Nipah (NiV) and Hendra (HeV) viruses are prototype henipaviruses (HNV) within the family of Paramyxoviridae. They are highly pathogenic zoonotic paramyxoviruses that cause fatal encephalitis in humans, with case fatality rates of 40-70%. These viruses use the receptor-binding protein (G) to engage host receptors ephrinB2 and/or ephrinB3, while the fusion protein (F) drives membrane fusion leading to virus entry and cell-cell fusion. Interferon-inducible transmembrane (IFITM) proteins restrict the infection of many unrelated viruses at virus entry. We show that the knockdown of IFITM1 enhances HNV entry and cell-cell fusion in both human epithelial and endothelial cells, while overexpression of IFITM1 inhibits both. Using single-molecule localization microscopy, we observed that IFITM1 forms nanoclusters on the plasma membrane that are enhanced upon interferon stimulation. IFITM1 clusters spatially co-occur with GM1-enriched, raft-like membrane domains.

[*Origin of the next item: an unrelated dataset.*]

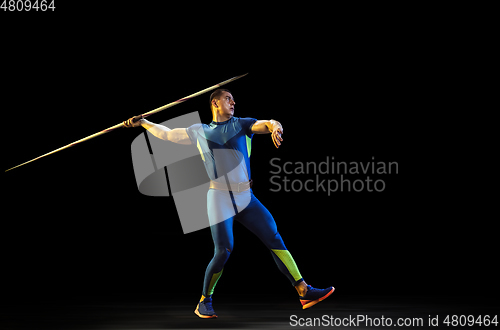 Image of Male athlete practicing in throwing javelin isolated on black studio background in neon light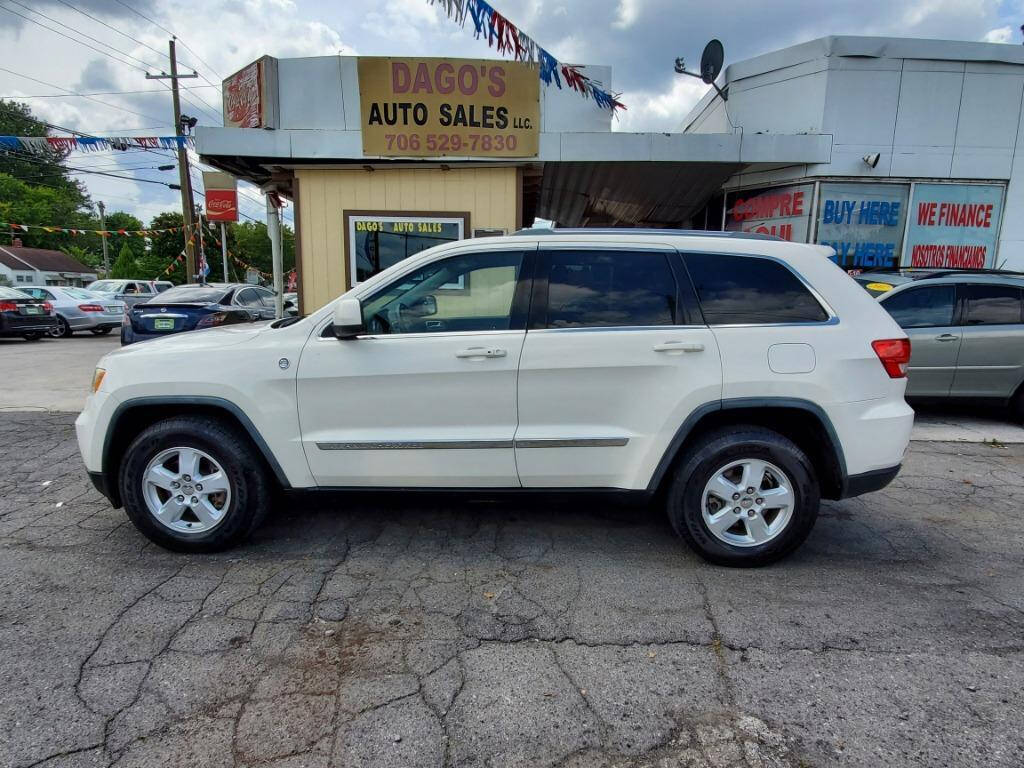 2011 Jeep Grand Cherokee for sale at DAGO'S AUTO SALES LLC in Dalton, GA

Notably, IFITM1 interacts with ephrinB2, and redistributes ephrinB2 into larger and denser clusters, potentially within GM1-enriched regions. Using single-particle tracking, we further show that ephrinB2 lateral diffusion on the plasma membrane is confined by IFITM1, and this confinement is not reversed by amphotericin B, a membrane-permeabilizing agent that increases membrane fluidity. Our data suggest that IFITM1 sequesters ephrinB2 in fusion-unfavorable membrane domains, thereby enhancing the energy barrier for virus-cell membrane fusion and decreasing the virus-receptor encounters.